Overhead and Integration: Most RL-based or combinatorial learning approaches are trained in an offline phase and introduce negligible inference overhead (<3%) (Dong et al., 3 Feb 2026, Moschella et al., 10 Feb 2026). Many are backward-compatible with paging strategies, quantization, and other deployment- and hardware-level optimizations (Jha et al., 24 Feb 2025).
Theoretical Limits and Multi-Worker Serving: In serving scenarios, neither classic LRU nor static allocation suffice; randomization (marking algorithms) and learning-based routing (queue-aware regression) jointly yield logarithmic-competitive cache hit rates, balancing load and minimizing end-to-end latency (Wu et al., 26 Jan 2026).
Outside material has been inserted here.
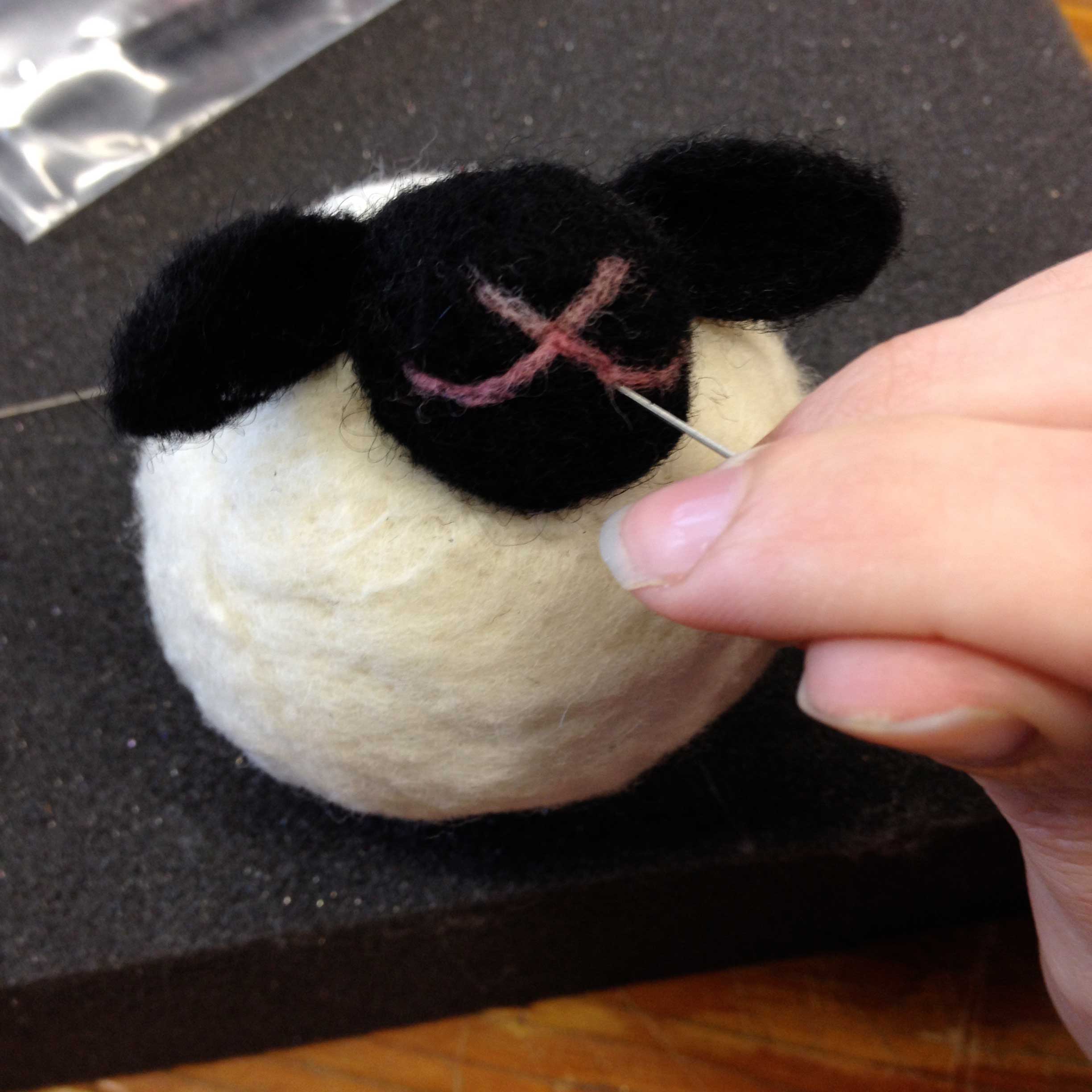 Hands shaping a needle felted lamb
6. Extensions and Open Challenges

Ongoing challenges in KV cache learning include meta-learning hyperparameters (cache window size, decay rate), extending adaptation across modalities (AirCache for vision-LLMs (Huang et al., 31 Mar 2025)), and integrating global eviction strategies into pretraining (Liao et al., 29 Nov 2025). There is active exploration of joint optimization combining compression, quantization, and eviction with retrieval or merging layers for extreme long-context inference. Handling dynamic or interactive contexts (fuzzy prefix matching (Pandey, 4 Dec 2025), adaptive routing (Wu et al., 26 Jan 2026)) and scaling to multi-LLM settings remain unsolved in general.

Empirical results indicate robust generalization: e.g., policies trained on chain-of-thought reasoning transfer well to science and code, and per-head ranking agents (KVP) demonstrate zero-shot effectiveness on unseen domains (Moschella et al., 10 Feb 2026). Learned cache management is thus emerging as a cornerstone for efficient, scalable, and deployable LLM applications, especially in contexts demanding verifiable reasoning integrity and controllable quality-memory trade-offs.